Maybe so. But increasingly I think we will each die not of old age, but very specifically one of these. I think it is useful to visualize how horrible that fate is as we contemplate what we need our climate priorities are, and what we're willing to sacrifice. Most people probably want to believe it's safely distant. It's not.

I was called yesterday by a pollster. He was tuning messaging for someone. One possible message included something about climate and how the candidate was going to get us the most cost-effective solutions. I had already told the pollster that I was basically unconvinced by messages that don't have to do with climate, so he thought it odd that I found that messavge unconvincing, too. He said, it's got climate in it. I explained that if you really care about climate, cost-effective is not your first thought. It makes it sound like cost is more important than survival.

People who are in denial want a climate solution if it works well in their budget, and not otherwise. Inhofe was famously like that. I'm probably in the minority, but I'm soothed more by a politician that says they'll try to keep costs down, but that ultimately we just have to do stuff, even if it costs. Of course, that creates a situation where people may Jack the cost because they think you're willing to pay. One has to be vigilant about stuff like that. But not every higher price is caused by that. There's no substitute for paying attention.

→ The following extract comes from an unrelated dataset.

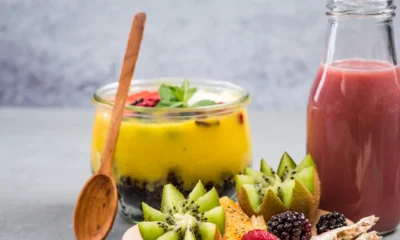 good smoothie recipes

And if you're not willing to do that kind of tradeoff, of understanding that there are things of real value you would give up to have climate solved, then you are probably not really properly visualizing how bad this can get in the climate endgame. And how soon. (I mean the generic you here, but if it applies specifically to anyone reading on, so much better.)


Kent Pitman
@kentpitman@climatejustice.social

@RichardAshwell@climatejustice.social

Oh, and I don't know what that
#collapse2040 tag is about, but I expect collapse to happen sooner than that. For more than a decade I'd been saying 2035. Even that seems optimistic to me now. 2040 seems out right luxurious in terms of time. I just can't believe we'll get that much. And that's why I'm talking about our fates, not the fates of our kids.

People report to care about their kids, but from the way they behave, and my bet that they believe it will affect only them and not ourselves, my sense is that they would sell out their kids in an instant for just a little more pleasure themselves, because that's what I see them doing everyday through inaction. It's just that now I think they aren't even going to get that little more pleasure because it's going to hit us too soon. Want the kids-seller-outers among us be sad...

Richard Ashwell
@RichardAshwell@climatejustice.social

@kentpitman@climatejustice.social

For me the
#collapse2040 hashtag means the following:

In 2040 if you are not growing your own food, assuming you still can given the increasingly eratic
#climate, then marauding bands of hungry armed looters will be doing their very best to steal it from you. The only people who will survive will be those who are rich enough to employ their own private army to defend the food they grow on land they claim to be theirs, and their employees, of course.

In what order, and when, exactly, the things you mention will occur, I know not. There will, in any case, be multiple occurrences of all of them in various different places over the next couple of decades. These things are all happening now, and will simply grow in size and number until the population of the planet is reduced to a fraction of what it is now.

And this will affect me, not just my children and grandchildren.

No, most people simply don't have a clue about what is happening now, never mind what will happen in the future.

What am I doing about it? Just living the best life I can while I can.